EDIT: Please accept my apologies if anyone felt offended by the comments above, it was really not my intention. My (unfortunate) exaggerated “dangerous for the community” is only looking at the possibility that some good implementation ideas (which took decades of research) may be forgotten or reinvented. This may only apply to “VM implementation technology” into account and systems are much bigger than that. Every new system I’ve seen definitely solves some issues better than others! I tried to reflect that with the last sentence about using diverse performance/resource metrics to compare systems. Clearly microbenchmarks only show a limited picture and there are many dimensions to consider (ISO conformance, advanced features (CLP, tabling, etc.) stability, ease of maintenance, flexibility, code base size, portability, resource usage, performance per builtin, etc.).

1 Like

The engine is simply tested with the usual ctest, which runs all normal commandline tests using node. There is not much testing of the browser integration yet. The WASM port is usable, but far from perfect. Interactive test are at SWI-Prolog WASM demos, notable Some tests. There is no CI for it. Complete CI is anyway a bit of a problem due to the enormous diversity of environment in which you can compile SWI-Prolog and the various configuration options. So, as yet there is only fully integrated CI for the default build on 64 bit Intel/AMD Ubuntu Linux. In my dev environment I test a lot more configurations after potentially non-portable changes.

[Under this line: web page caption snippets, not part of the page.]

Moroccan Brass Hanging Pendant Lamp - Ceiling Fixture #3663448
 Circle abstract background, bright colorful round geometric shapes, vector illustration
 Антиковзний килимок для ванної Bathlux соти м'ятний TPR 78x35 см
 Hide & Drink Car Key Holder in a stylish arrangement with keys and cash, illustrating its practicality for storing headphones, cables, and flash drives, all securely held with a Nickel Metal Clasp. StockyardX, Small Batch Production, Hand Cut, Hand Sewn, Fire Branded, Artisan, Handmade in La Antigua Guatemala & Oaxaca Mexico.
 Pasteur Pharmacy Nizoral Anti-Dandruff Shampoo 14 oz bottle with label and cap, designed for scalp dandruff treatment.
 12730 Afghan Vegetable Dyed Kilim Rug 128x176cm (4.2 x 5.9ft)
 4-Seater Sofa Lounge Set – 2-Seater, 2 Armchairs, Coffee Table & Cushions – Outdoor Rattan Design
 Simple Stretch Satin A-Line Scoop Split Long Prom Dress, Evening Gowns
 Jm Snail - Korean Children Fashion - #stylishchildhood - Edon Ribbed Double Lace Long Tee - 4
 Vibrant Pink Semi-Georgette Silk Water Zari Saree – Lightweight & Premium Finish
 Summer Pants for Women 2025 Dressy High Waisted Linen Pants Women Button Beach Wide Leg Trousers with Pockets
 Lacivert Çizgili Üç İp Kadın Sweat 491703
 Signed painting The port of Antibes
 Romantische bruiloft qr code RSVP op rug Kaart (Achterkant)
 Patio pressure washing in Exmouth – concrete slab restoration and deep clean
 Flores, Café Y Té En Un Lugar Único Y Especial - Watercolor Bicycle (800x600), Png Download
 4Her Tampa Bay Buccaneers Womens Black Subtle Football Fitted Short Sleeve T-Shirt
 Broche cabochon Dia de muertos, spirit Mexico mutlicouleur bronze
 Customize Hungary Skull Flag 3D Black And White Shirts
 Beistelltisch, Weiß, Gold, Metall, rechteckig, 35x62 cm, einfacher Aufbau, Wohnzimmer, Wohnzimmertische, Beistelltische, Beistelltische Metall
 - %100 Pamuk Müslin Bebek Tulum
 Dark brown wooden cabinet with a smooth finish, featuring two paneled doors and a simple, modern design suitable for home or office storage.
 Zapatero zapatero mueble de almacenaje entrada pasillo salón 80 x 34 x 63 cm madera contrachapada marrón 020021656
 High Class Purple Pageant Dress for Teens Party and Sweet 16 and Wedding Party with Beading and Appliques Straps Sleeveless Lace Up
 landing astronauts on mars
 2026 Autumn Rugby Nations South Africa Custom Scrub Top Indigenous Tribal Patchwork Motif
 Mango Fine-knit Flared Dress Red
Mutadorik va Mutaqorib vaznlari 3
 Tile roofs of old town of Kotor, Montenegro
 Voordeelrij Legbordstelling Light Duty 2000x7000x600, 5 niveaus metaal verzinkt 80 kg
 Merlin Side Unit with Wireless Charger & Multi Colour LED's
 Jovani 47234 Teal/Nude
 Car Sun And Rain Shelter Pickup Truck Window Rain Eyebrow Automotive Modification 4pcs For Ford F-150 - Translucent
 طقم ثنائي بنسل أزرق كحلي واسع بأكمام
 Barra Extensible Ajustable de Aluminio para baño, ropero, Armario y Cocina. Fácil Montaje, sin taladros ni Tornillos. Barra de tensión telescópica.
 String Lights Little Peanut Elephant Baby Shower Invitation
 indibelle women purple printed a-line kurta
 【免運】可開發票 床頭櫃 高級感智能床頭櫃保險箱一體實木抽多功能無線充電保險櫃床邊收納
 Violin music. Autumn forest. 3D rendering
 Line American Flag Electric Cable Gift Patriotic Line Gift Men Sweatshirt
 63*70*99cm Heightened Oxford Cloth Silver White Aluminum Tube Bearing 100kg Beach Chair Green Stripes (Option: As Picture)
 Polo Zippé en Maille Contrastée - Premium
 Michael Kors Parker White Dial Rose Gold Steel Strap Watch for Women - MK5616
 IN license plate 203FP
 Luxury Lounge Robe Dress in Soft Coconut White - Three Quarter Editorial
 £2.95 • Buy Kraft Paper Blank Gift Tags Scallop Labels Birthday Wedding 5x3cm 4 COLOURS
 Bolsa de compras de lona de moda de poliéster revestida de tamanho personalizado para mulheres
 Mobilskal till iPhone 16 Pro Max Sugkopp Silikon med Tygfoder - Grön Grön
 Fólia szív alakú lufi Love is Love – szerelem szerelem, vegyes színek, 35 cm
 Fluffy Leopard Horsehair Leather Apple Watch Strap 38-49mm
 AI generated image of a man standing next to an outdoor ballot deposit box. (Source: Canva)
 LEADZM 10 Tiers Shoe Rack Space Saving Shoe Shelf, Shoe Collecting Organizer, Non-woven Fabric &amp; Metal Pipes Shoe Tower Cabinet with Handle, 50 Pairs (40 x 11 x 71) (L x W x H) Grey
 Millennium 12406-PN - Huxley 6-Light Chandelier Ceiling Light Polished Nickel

The repository is a GIT submodule of the entire SWI-Prolog distribution. This is right if you clone the whole system and build the WASM version in a build directory build.wasm as I do. Same for the single threaded and non-PGO version.

Building different configurations is supported by creating a directory build.feat1-feat2-... under the project root, go there and then run ../scripts/configure. This scans the desired features and assembles the environment and commandline options for CMake to configure the system. This avoids the need to remember and type the long CMake options. It is comparable to using using CMake presets, but you have to define the mapping of each feature to flags only once, after which you can explore all combinations. Won’t work on Windows (but does run on almost anything else).

It is a source repository. There are no generated files in it (well, except for the BibTeX generated bibliography such that we can build the HTML documentation without the need for a full LaTeX installation).

The WASM version of SWI-Prolog is available as an npm package. See GitHub - SWI-Prolog/npm-swipl-wasm: SWI-Prolog WebAssembly build as a NPM package. Thanks to @jeswr!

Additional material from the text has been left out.